If you’re just getting started in ice fishing you should know that it all starts with a hole in the ice, and that there are a number of ways to do that. I’ve cut ice holes with a spud, hand auger, gas auger, and chainsaw. In some northern environments, the latter is a good way to go, using a long-bladed saw on thick ice to cut large rectangular fishing holes. A spud can do the job on thin ice, but the thicker the ice the harder a spud is to use, plus you wind up with somewhat jagged sides and lots of pounding impact on wrists, arms, and shoulders.
Most ice anglers, and certainly avid ones, use an auger, either manual or powered, the latter being favored in northernmost lakes where ice can get very thick. Gas-driven augers are a mainstay, but battery-powered augers are also an option.
It doesn’t take long to learn how to use an ice auger, and the benefits of timely, numerous, and neat hole cutting are obvious.
- If you’re new to ice fishing, the best way to learn how to how to use an ice auger (assuming that you don’t have an ice fishing pal or relative who has let you operate theirs) is to read the manual first, follow the instructions, and pay special attention to directions on how to stand while using an auger.
- Keep your feet shoulder-width apart, and stand tall, without excessively bending over.
- Good boot soles, and/or ice cleats or grippers, will help you stand firmly on the ice.
- Keep blades sharp, and have a spare set to use if the current ones become dull.
- Always cover the blade when an auger is not being used, and store it so that it does not lay on snow, which will freeze on the blade and make it less effective.
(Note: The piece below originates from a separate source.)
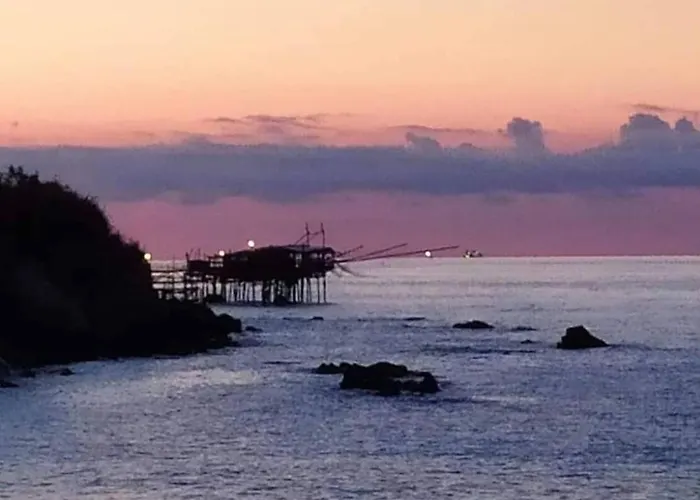 Dannunziano Aparthotel Chieti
- Use a blade size appropriate for your quarry. If that’s panfish and smallish trout, walleye, and pickerel, you’ll appreciate the easier use of a 6-inch blade over an 8-incher. If it’s just panfish, a 4-incher might do, and you’ll find it easier to use, plus you can drill more holes without fatigue.
- The number of holes you’re willing or able to drill will be determined by the blade size (more effort for larger blades) and the ice thickness (more effort for thicker ice).
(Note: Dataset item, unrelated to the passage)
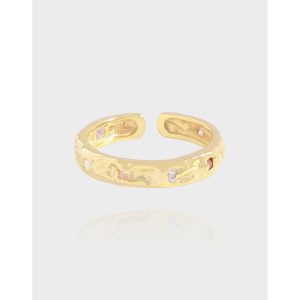 Sweta Ring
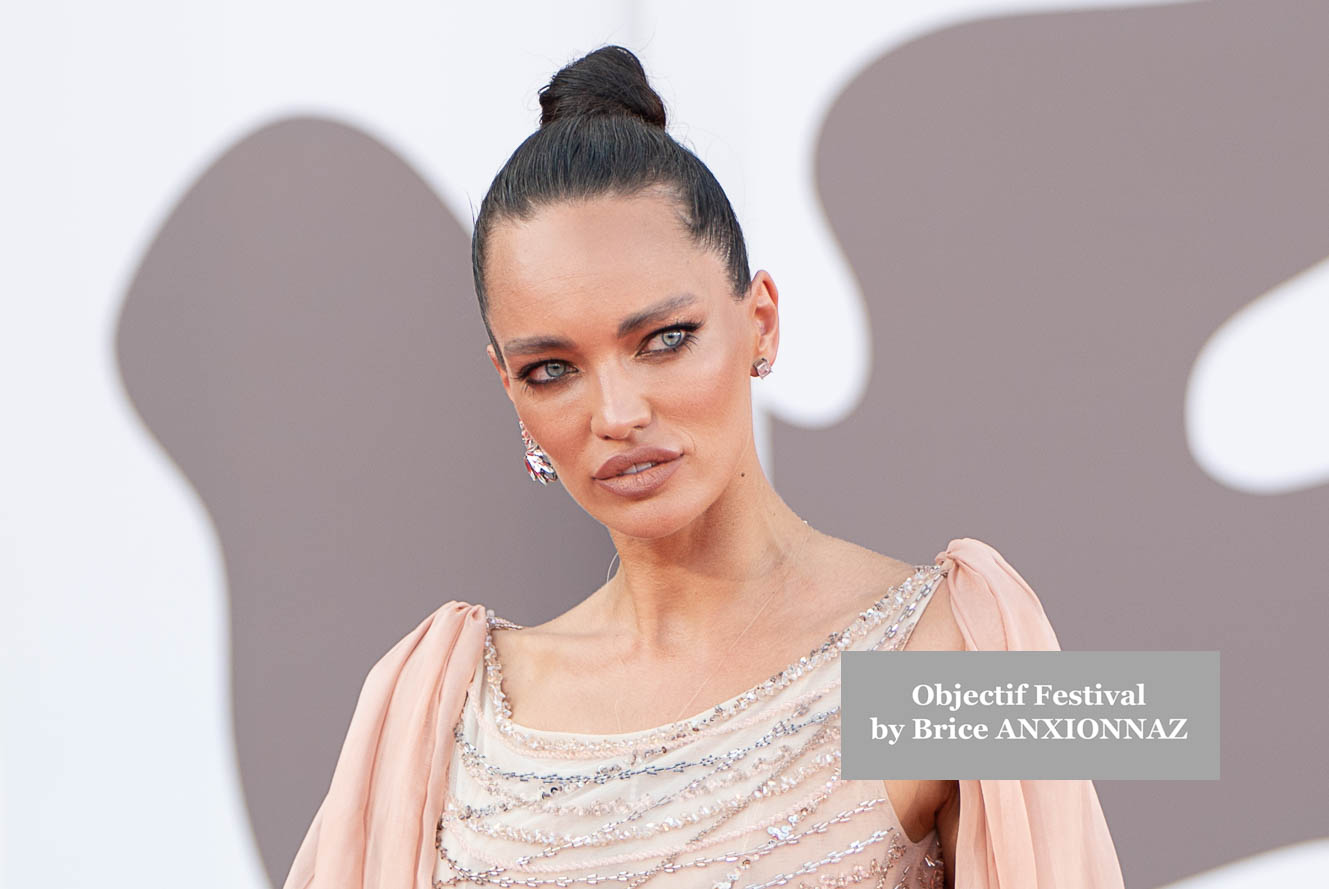 Babygirl   / 81st Mostra Del Cinema / Objectif Festival by Brice ANXIONNAZ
- Your upper hand keeps the auger in place and should stay in place while your lower hand turns the blade. Avoid wide swaying.
- Line the auger up with the ice as vertically as possible to avoid cutting an angled hole.
- Power augers excel at cutting thick ice, making large holes (for bigger quarry), and making many holes. Since torque isn’t an issue with power augers as it is with manual ones, you can do more.
- Use a power auger if you want or need to move a lot. This is how you find fish, as opposed to drilling a hole and waiting for fish to find you.
- Overcoming wobble while you start a hole with a power auger can be a chore. What helps here are sharp blades, blade tips that bite into the ice quickly, and light weight.
- Power augers have a tendency to bring up a lot of slush and water after they punch through, so make sure you wear tall waterproof boots.
- In the beginning of the season, use fresh gas, preferably ethanol free, in a gas-powered auger, to minimize startup issues.
With these ice auger tips you’re ready to get started, assuming, of course, that you already have your fishing license.